Tant qu'il y aura la guerre en Syrie, en Irak ou en Afghanistan, il y aura toujours un afflux de réfugiés. Si par bonheur, ces guerres devaient s'arrêter, d'une façon ou d'une autre, alors, la grande majorité de ces réfugiés retourneraient dans leur pays, là où ils sont nés, là où sont leurs attaches et leurs identités. 

Serait-ce alors à dire que leur présence en Europe n'est que provisoire? Je le pense, oui, même si ce n'est pas d'une évidence criante. Il faudra donc que les conflits dans ces pays cessent. Mais bien sûr, c'est plus facile à dire qu'à faire et il me semble qu'ils dureront encore quelques années et nous devrons encore et encore accueillir ces malheureux.

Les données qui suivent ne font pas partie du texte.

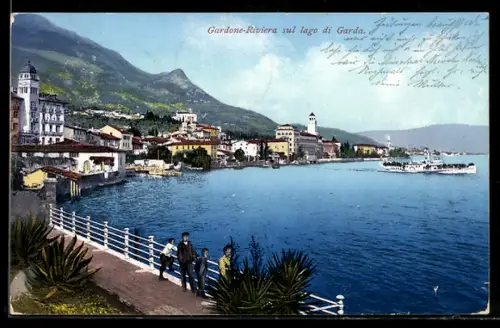 AK Gardone-Riviera, Ortsansicht mit Dampfer auf dem Gardasee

L'année 2015 a aussi été l'année, chez nous, en France, où le chômage et la pauvreté ont augmenté de façon spectaculaire. Sachant que quoi que puissent penser certains beaux esprits, le chômage entraine bien souvent la pauvreté. 


Dans un pays comme le nôtre, où les associations humanitaires distribuent chaque année des millions de repas; ou des milliers de gens ne se soignent plus; où des milliers de gens n'ont pas de logements décents; oui, c'est une honte que notre pays, cinq ou sixième puissance mondiale en soit arrivé à ce stade de misère humaine. Une honte, et je pèse mes mots!

Les dirigeants d'aujourd'hui ne font pas mieux que ceux d'hier; à la limite comme ils font les mêmes politiques, ils font pire. 

Ceux d'hier veulent revenir pour régler les problèmes que pendant dix ans ils n'ont pas su régler. Ceux d'aujourd'hui veulent rester pour régler les problèmes qu'ils n'auront pas su régler pendant cinq ans. 

Et je ne parle pas de ceux qui pratiquent le coup de menton, qui instillent la peur et qui prétendent régler tous les problèmes en fermant nos frontières à coups de barbelés et de blocs de béton.

Oui, 2015 est une année à marquer dune pierre blanche. Ou plutôt noire. Le Président a dit que nous n'en avions pas fini avec le terrorisme. Il a raison. Il aurait pu, il aurait dû ajouter que nous n'en avons pas fini non plus avec le chômage et la misère.

Même si dans tous les cas, chacun a envie de se battre. L'essentiel est là, me semble t-il: ne pas baisser les bras, ne jamais baisser les bras.